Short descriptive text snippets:
________

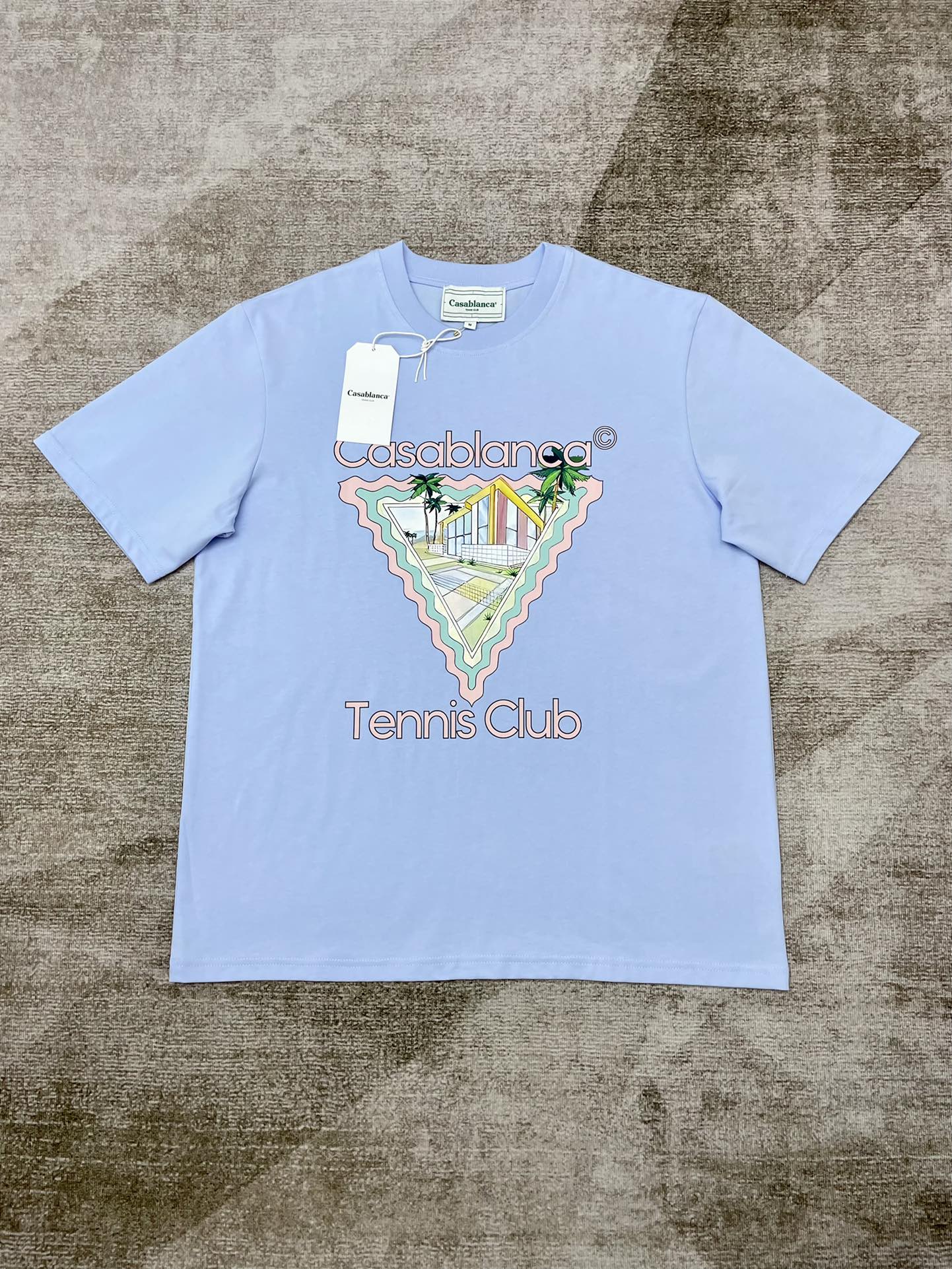 1:1 quality version inverted triangle tennis club monogrammed tee 2 colors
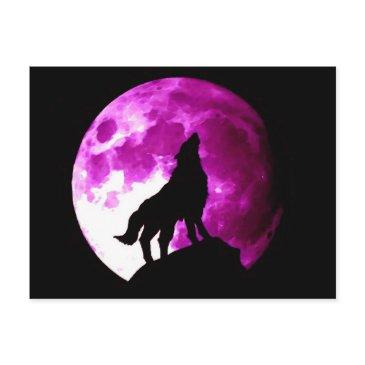 wolf howling at moon postinvitations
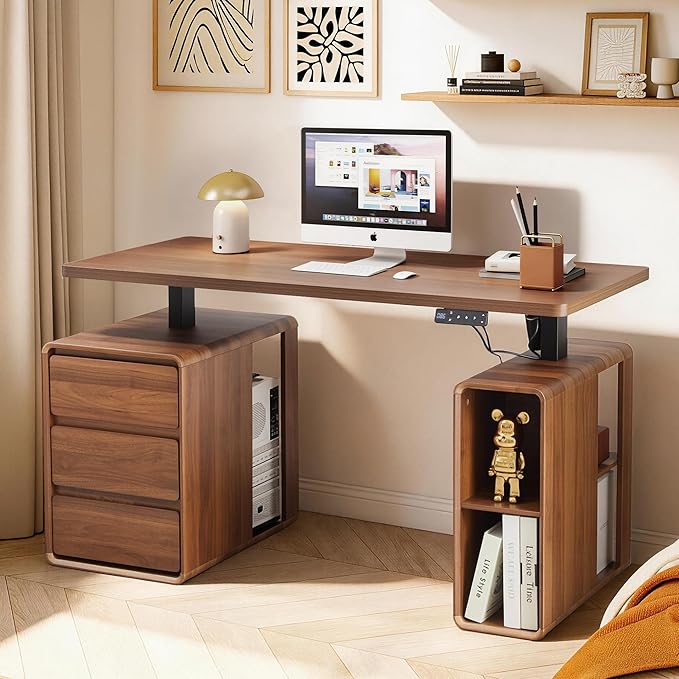 Electric Standing Desk with Drawers, 55" Office Desk Height Adjustable Executive Desk with Storage Shelves, Simple Setup Wood Desk Home Office Stand up Desk for Work, Study, Writing, Walnut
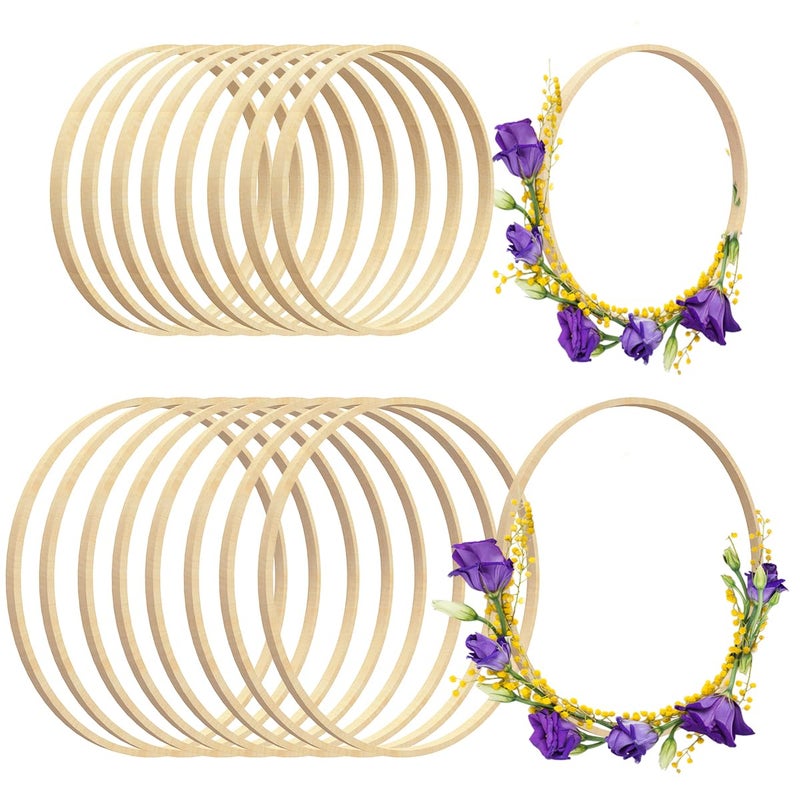 Worown 16 Pack Wooden Hoops, Bamboo Rings for Crafts, Wooden Bamboo Floral Hoop for Making Wedding Wreath Decor and Wall Hanging Crafts (10â€ & 12â€) - Image 1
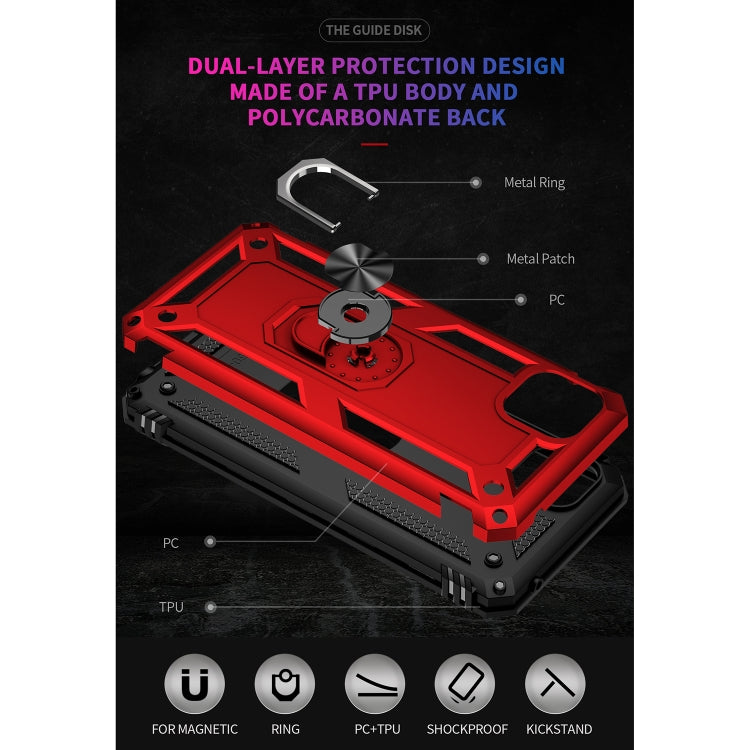 For Motorola Moto G50 5G Shockproof TPU + PC Protective Phone Case with 360 Degree Rotating Holder(Red)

________

• [Task to carry out]: Quote exactly, and nothing besides, the lines from the one with "Electric Standing Desk" through the end of the records above; include both ends and omit the pictures.

• [Reply to the task]:
 Electric Standing Desk with Drawers, 55" Office Desk Height Adjustable Executive Desk with Storage Shelves, Simple Setup Wood Desk Home Office Stand up Desk for Work, Study, Writing, Walnut
 Worown 16 Pack Wooden Hoops, Bamboo Rings for Crafts, Wooden Bamboo Floral Hoop for Making Wedding Wreath Decor and Wall Hanging Crafts (10â€ & 12â€) - Image 1
 For Motorola Moto G50 5G Shockproof TPU + PC Protective Phone Case with 360 Degree Rotating Holder(Red)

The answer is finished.